▸ Exercise
The expected output is exactly the lines below, starting at the line with "Caitlin Clark (22)" and ending at the line with "empty room with", both included; no other line belongs in it.

▸ Supplied data
--- START ---

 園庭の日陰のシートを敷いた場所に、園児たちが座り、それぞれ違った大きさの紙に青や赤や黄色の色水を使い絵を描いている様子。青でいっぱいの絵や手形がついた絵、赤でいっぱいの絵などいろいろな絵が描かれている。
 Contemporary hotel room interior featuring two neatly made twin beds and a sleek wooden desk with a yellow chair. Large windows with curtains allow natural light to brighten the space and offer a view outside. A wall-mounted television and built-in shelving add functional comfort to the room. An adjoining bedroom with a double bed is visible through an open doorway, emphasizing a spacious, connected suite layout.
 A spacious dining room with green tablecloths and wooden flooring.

--- END ---
--- START ---

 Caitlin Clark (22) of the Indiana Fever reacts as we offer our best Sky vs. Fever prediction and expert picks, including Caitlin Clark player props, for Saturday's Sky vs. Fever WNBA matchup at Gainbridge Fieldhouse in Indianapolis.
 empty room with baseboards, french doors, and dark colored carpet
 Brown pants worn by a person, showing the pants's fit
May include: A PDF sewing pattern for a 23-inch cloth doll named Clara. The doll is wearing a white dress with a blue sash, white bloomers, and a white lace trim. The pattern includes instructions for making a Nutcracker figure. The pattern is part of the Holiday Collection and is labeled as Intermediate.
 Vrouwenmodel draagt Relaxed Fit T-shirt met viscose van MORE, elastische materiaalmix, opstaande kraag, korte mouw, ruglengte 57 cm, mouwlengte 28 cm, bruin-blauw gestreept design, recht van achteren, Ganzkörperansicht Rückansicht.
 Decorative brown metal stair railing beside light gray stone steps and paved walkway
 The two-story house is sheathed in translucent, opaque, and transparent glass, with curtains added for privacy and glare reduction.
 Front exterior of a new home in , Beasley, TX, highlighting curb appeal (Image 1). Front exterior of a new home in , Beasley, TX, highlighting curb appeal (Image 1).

--- END ---
--- START ---

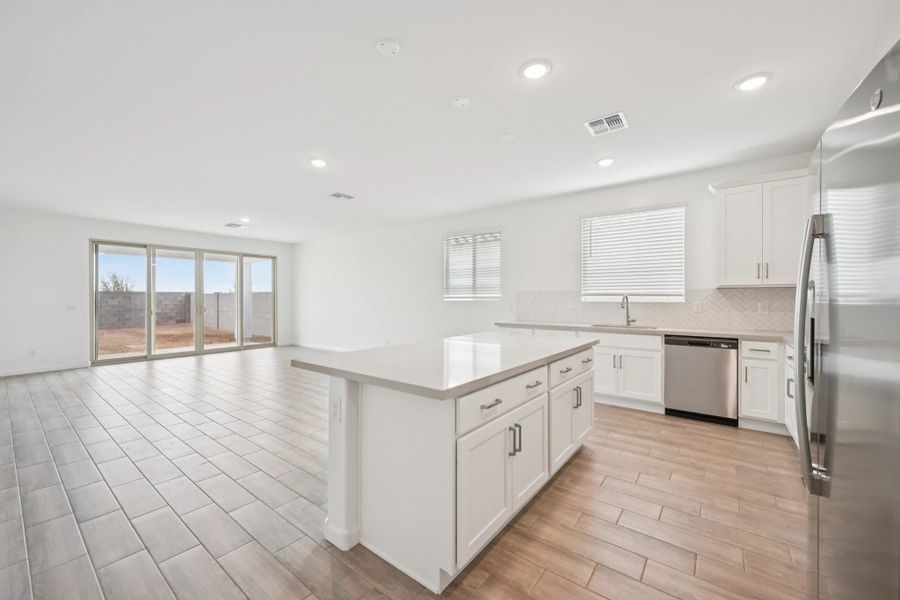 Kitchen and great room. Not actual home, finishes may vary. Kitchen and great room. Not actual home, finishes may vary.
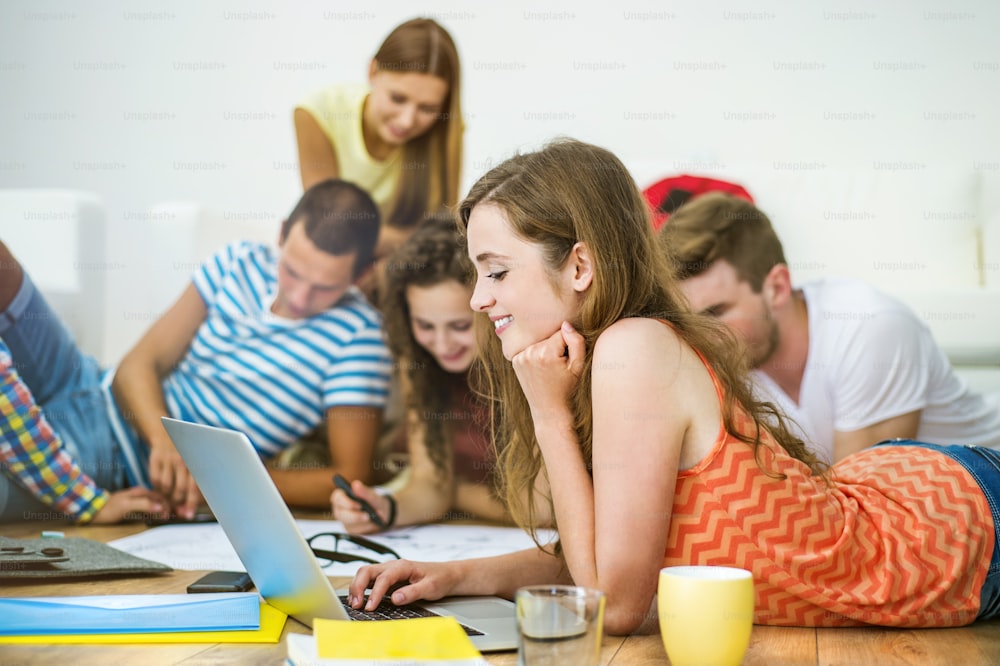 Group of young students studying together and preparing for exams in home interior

--- END ---

▸ Reply
 Caitlin Clark (22) of the Indiana Fever reacts as we offer our best Sky vs. Fever prediction and expert picks, including Caitlin Clark player props, for Saturday's Sky vs. Fever WNBA matchup at Gainbridge Fieldhouse in Indianapolis.
 empty room with baseboards, french doors, and dark colored carpet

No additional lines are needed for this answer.